# Sealing MDF - Worth it? If so, how?



## Glocinspiel (Jan 5, 2009)

Hi all!

I'm 15 years old and am considering building a workshop in the garage.

I have looked around and decided that an MDF topped workbench would be the way to go as it is a cheaper alternative. My only concern is that I would have to seal it to stop it crumbling.

I am wondering how I would go about this and whether I should explore other options for a benchtop?

H
E
L
P
!


----------



## vcooney (Jan 4, 2009)

Hey JR,
I have a Ridgid offsite box that I put MDF on. I brushed on some Urthane varnesh about a year ago and still looks pretty good. But I only use it for bench tools like a sander, scrollsaw and a mini lathe. So it doesn't get much abuse. My workbench has a layer of 1/4" masonite which takes alot of abuse.

Vince


----------



## motthunter (Dec 31, 2007)

Mdf becomes dust if it gets wet. Seal away and it will last longer


----------



## Sawdust2 (Mar 18, 2007)

If you are going to have a span more than a few feet you will need support in the middle.
As you will need support the most likely support will be 2×4's or 2×6's.
Neither are much more expensive than MDF. Use the solid wood.

If you already have a bench (can't really tell from your post) then a reasonable cover for the top of your bench would just be 1/4" hardboard. It's less expensive than MDF and easy to replace if it gets too marked up.

My $.03

Lee


----------



## Kinzua (Jan 7, 2009)

Hi JR- Welcome. I've been looking at doing the same thing for my first workbench which would also be my first attempt at ww project. I found this design for a "rock solid plywood bench" on finewoodworking.com I will add link for you to view and if for some reason it doesn't work I can send you pdf of full plans in email. New to this site as of yesterday and assume there's a way to contact me here in comment/or private msg?

First workbench needs to do a couple of things for me- let me learn in making it-so mistake forgiving plywood and mdf are cost appropriate . I do a lot of finishing/staining right now so I decided to add an additional removable top to this design with a flat laminate surface adhered. That way I can fit the alternative top to workbench as needed with 'no worries' on spills and messes. I also read several articles and "show-how's" on adding strips of veneer to workbench in places I know will get a lot of abuse-including the legs. I realize we can substitute other ideas for legs, but I want to learn more about veneer so opting for this route. Veneer will also reduce wear-n-tear and splintering (according to my novice research thus far.) I also like this bench as many have commented on it's sturdiness and durability in another blog and it can serve as a future outfeed table, assembly table and/or place to store/work with benchtop tools. (I recently added a drill press, bench grinder, band saw to the novice 'tool stash.')

As far as sealing and keeping it inexpensive-Z-shellac cut with 2x denatured alcohol is a great layering sealant. You'll always have more projects to use both products repeatedly so it's a good "shop" investment.

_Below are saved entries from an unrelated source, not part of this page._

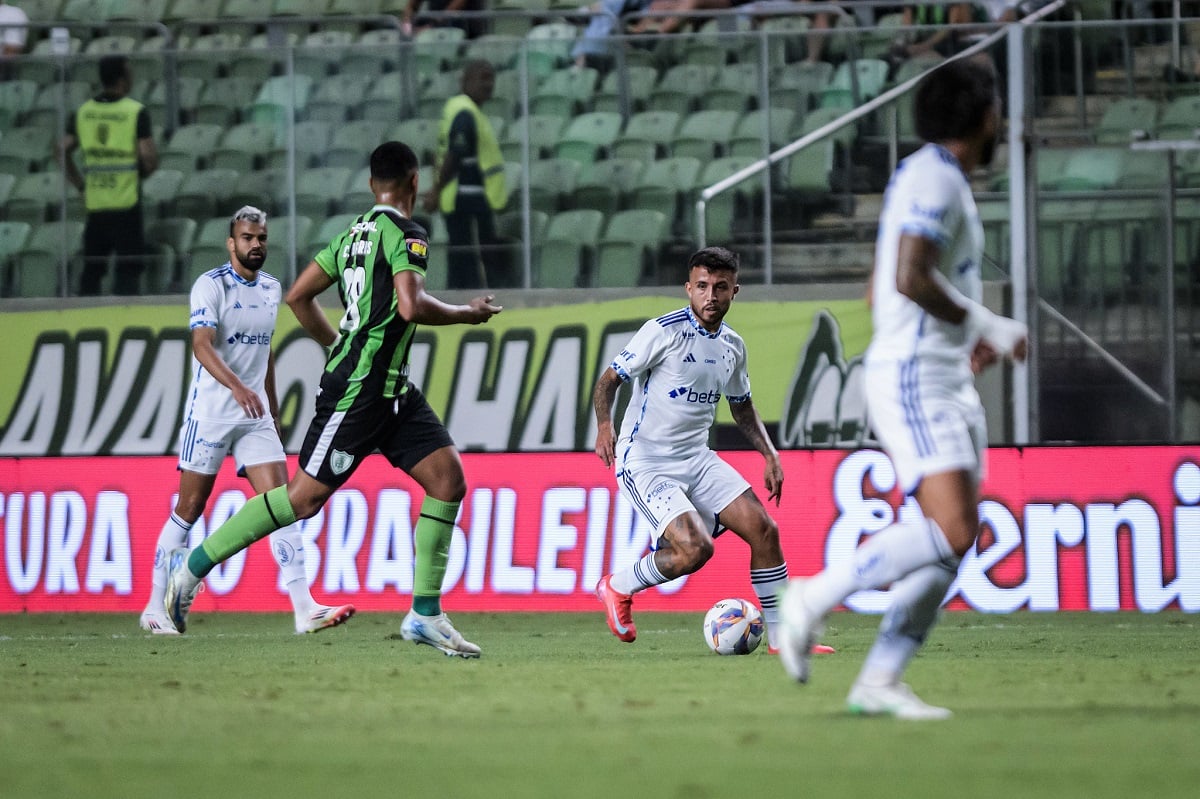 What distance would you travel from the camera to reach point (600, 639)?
9.20 metres

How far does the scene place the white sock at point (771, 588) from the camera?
8.20 m

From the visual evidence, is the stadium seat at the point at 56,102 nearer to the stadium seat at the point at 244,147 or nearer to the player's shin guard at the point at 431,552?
the stadium seat at the point at 244,147

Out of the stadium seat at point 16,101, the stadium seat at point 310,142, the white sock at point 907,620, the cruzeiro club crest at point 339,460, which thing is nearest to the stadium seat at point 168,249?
the stadium seat at point 310,142

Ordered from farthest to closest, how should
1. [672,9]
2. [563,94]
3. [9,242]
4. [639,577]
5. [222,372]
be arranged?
1. [672,9]
2. [9,242]
3. [563,94]
4. [222,372]
5. [639,577]

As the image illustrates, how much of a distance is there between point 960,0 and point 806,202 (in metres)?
2.04

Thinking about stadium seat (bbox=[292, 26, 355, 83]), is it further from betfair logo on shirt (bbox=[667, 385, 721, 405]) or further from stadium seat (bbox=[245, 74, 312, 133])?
betfair logo on shirt (bbox=[667, 385, 721, 405])

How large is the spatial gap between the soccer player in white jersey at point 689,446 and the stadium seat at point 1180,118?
5.49 m

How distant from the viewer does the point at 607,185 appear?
43.7 ft

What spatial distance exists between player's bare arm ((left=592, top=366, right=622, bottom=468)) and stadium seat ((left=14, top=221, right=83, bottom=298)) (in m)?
6.90

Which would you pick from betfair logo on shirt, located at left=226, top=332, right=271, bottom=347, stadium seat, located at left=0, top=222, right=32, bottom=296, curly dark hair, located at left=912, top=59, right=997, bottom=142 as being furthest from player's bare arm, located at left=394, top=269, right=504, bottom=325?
stadium seat, located at left=0, top=222, right=32, bottom=296

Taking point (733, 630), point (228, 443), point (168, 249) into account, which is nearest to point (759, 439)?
point (733, 630)

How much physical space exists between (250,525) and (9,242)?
672 centimetres

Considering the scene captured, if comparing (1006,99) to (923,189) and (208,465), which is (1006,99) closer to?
(208,465)

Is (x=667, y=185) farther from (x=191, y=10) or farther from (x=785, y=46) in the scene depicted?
(x=191, y=10) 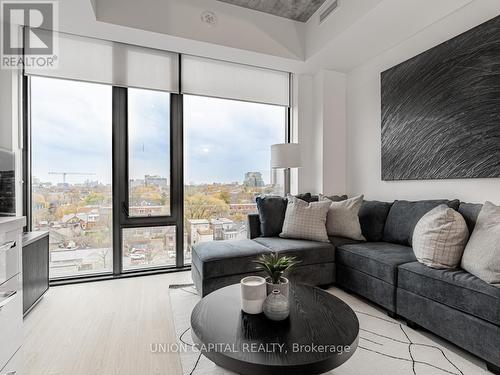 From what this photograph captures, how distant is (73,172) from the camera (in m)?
2.96

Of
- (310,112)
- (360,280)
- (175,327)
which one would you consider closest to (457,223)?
(360,280)

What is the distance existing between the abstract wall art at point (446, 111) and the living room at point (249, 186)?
16mm

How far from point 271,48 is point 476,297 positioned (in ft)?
10.1

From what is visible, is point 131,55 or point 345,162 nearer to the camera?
point 131,55

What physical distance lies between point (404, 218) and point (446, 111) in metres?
1.07

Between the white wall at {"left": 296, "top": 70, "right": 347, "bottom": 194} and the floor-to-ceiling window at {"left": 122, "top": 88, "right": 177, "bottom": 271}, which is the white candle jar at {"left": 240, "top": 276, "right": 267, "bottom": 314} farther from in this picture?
the white wall at {"left": 296, "top": 70, "right": 347, "bottom": 194}

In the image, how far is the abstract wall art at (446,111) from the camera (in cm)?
219

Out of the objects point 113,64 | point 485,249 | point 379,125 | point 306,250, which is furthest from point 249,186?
point 485,249

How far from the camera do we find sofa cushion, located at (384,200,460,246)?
98.1 inches

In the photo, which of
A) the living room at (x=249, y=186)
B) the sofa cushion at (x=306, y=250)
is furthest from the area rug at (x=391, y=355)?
the sofa cushion at (x=306, y=250)

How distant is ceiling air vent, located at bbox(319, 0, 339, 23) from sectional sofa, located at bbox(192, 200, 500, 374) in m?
2.16

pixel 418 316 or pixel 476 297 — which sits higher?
pixel 476 297

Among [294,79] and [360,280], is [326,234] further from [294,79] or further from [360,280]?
[294,79]

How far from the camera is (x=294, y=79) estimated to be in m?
3.91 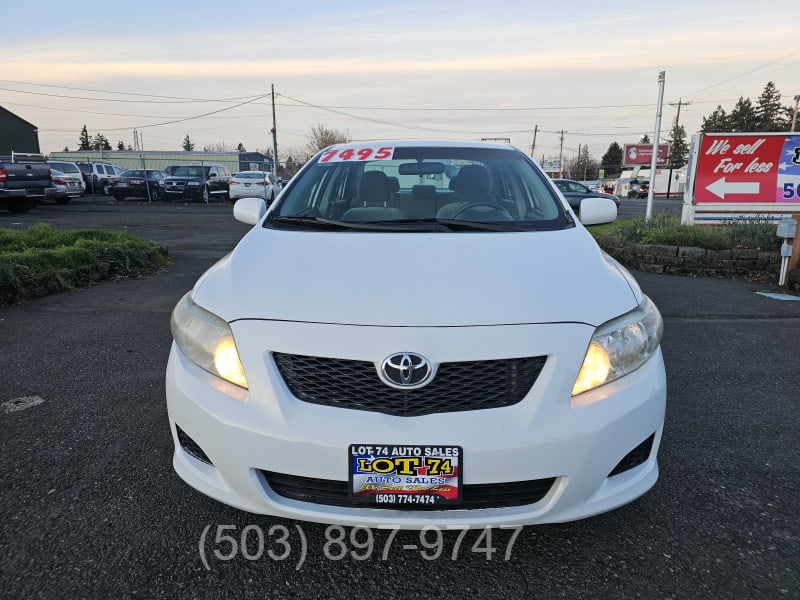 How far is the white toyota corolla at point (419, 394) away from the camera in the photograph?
1769mm

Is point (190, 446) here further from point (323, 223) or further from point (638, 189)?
point (638, 189)

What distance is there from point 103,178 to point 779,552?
31.4m

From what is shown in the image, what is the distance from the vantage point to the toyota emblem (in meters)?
1.79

I've also used Thompson's water seal -though it's marketed for decks-it does a great job protecting wood-based products that I know will endure a lot of work-out. And it can be placed over shellac finish as a treatment repeatedly to maintain your top. There's also the Kilz and enamel paint route with mdf and hardboard for that matter.

"WOOD" with BHG just published 2009 "Best-Ever Home Shop Ideas." You could flip through it at your local bookstore mag rack. There are numerous designs and ideas for mdf/plywood in that edition also-with my favorite helping tool: photo's.

Link podcast on "Working With Plywood" (great instructions): http://www.woodworkingonline.com/category/podcast/

Link: pdf file on "Rock Solid Plywood Bench" http://www.taunton.com/finewoodworking/ProjectsAndDesign/ProjectsAndDesignArticle.aspx?id=29507

Finally, here is a link that will take you to a list of video podcast's on finishing. Peter Gedrys is by far my favorite online "show how" podcast instructor-I've utilized several of his technique suggestions very successfully. 
http://www.taunton.com/finewoodworking/dtSearch/searchResults.aspx?page=1&query=peter+finishing&index=All+FineWoodWorking.com&channel=All%20FineWoodWorking.com

Look forward to seeing your project JR. 
Molly


----------



## PurpLev (May 30, 2008)

*JUST A WORD OF CAUTION!!!*

since you are a new woodworker you might want to be aware of the fact that when working with MDF, it creates a VERY VERY VERY fine dust that is REALLY REALLY hard to control/suck/vacuum/clean and is among the most dangerous dust in woodworking! make sure that you use any means available to you to suck that dust as soon as possible, wear a GOOD dust mask with a good filter on it.

MDF dust is so fine, that it lingers in the air for hours and hours after you've finished working. you'll see it covering everything in your area, and if you blow it up back in the air the process will cycle over and over again causing your work place to be a hazard to your lungs!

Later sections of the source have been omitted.